▶ **Provided records**:

+++

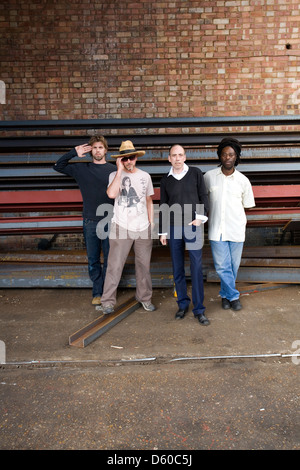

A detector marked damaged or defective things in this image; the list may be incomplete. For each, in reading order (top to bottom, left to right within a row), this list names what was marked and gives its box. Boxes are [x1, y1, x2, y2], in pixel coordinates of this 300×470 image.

rusty metal beam [69, 298, 141, 348]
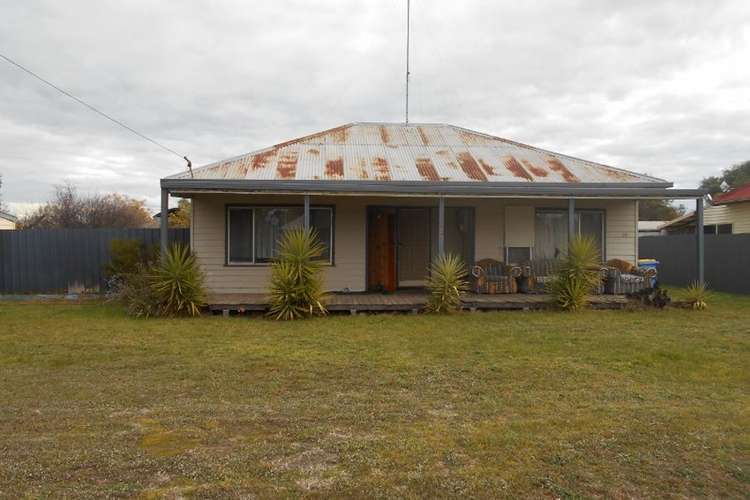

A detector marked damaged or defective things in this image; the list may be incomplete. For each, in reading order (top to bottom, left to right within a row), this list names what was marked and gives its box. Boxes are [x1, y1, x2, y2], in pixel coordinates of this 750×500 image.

rusted roof panel [169, 122, 664, 185]
rusty corrugated roof [167, 123, 668, 186]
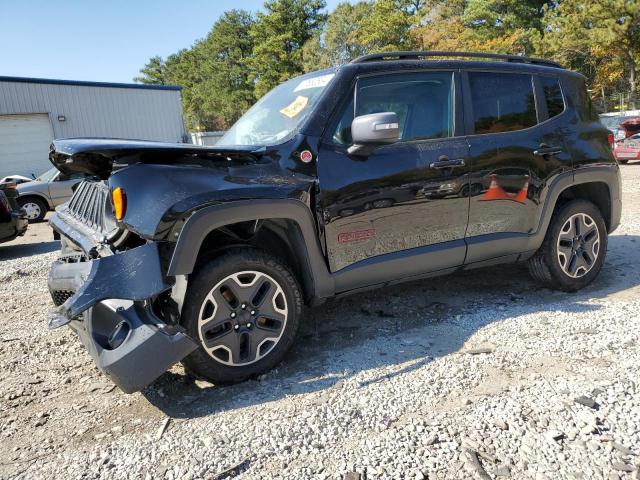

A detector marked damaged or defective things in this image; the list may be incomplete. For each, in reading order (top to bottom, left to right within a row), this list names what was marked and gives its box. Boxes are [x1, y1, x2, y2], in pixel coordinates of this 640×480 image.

crumpled hood [50, 139, 268, 180]
damaged front bumper [48, 234, 195, 392]
detached bumper cover [47, 242, 196, 392]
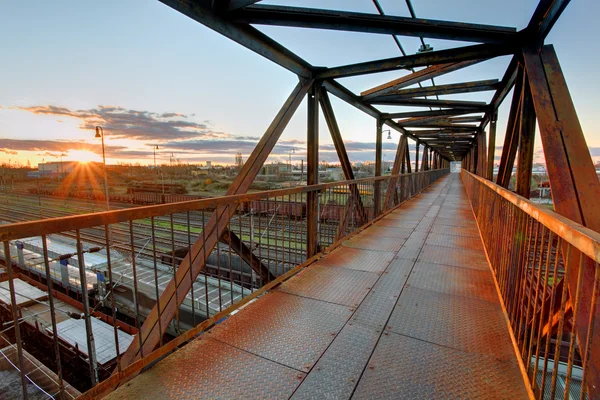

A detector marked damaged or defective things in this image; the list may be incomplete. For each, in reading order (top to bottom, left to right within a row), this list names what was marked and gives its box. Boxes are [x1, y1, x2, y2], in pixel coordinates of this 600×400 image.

rusty steel beam [159, 0, 310, 77]
rusty steel beam [232, 4, 516, 43]
rusty steel beam [318, 43, 510, 79]
rusty steel beam [360, 59, 482, 99]
rusty steel beam [494, 67, 524, 188]
rusty steel beam [512, 73, 536, 198]
rusty steel beam [118, 78, 314, 368]
rusty steel beam [220, 228, 276, 282]
rusty steel beam [524, 44, 600, 396]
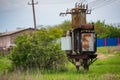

+++

▶ **Work request**: Output exactly the lines from the one containing "this 600×400 image." through the last line of the records above, both included, leaving out any pictures.

▶ **Solution for this problem**:
A detector marked damaged or defective things in this image; the list may be incomplete. For each, in reading order (top to bottom, left to right within a row), this list names what was marked and gives its box. Boxes are [x1, y1, x2, y2], in pixel coordinates of this 600×400 image.

rusty steel beam [159, 0, 310, 77]
rusty steel beam [232, 4, 516, 43]
rusty steel beam [318, 43, 510, 79]
rusty steel beam [360, 59, 482, 99]
rusty steel beam [494, 67, 524, 188]
rusty steel beam [512, 73, 536, 198]
rusty steel beam [118, 78, 314, 368]
rusty steel beam [220, 228, 276, 282]
rusty steel beam [524, 44, 600, 396]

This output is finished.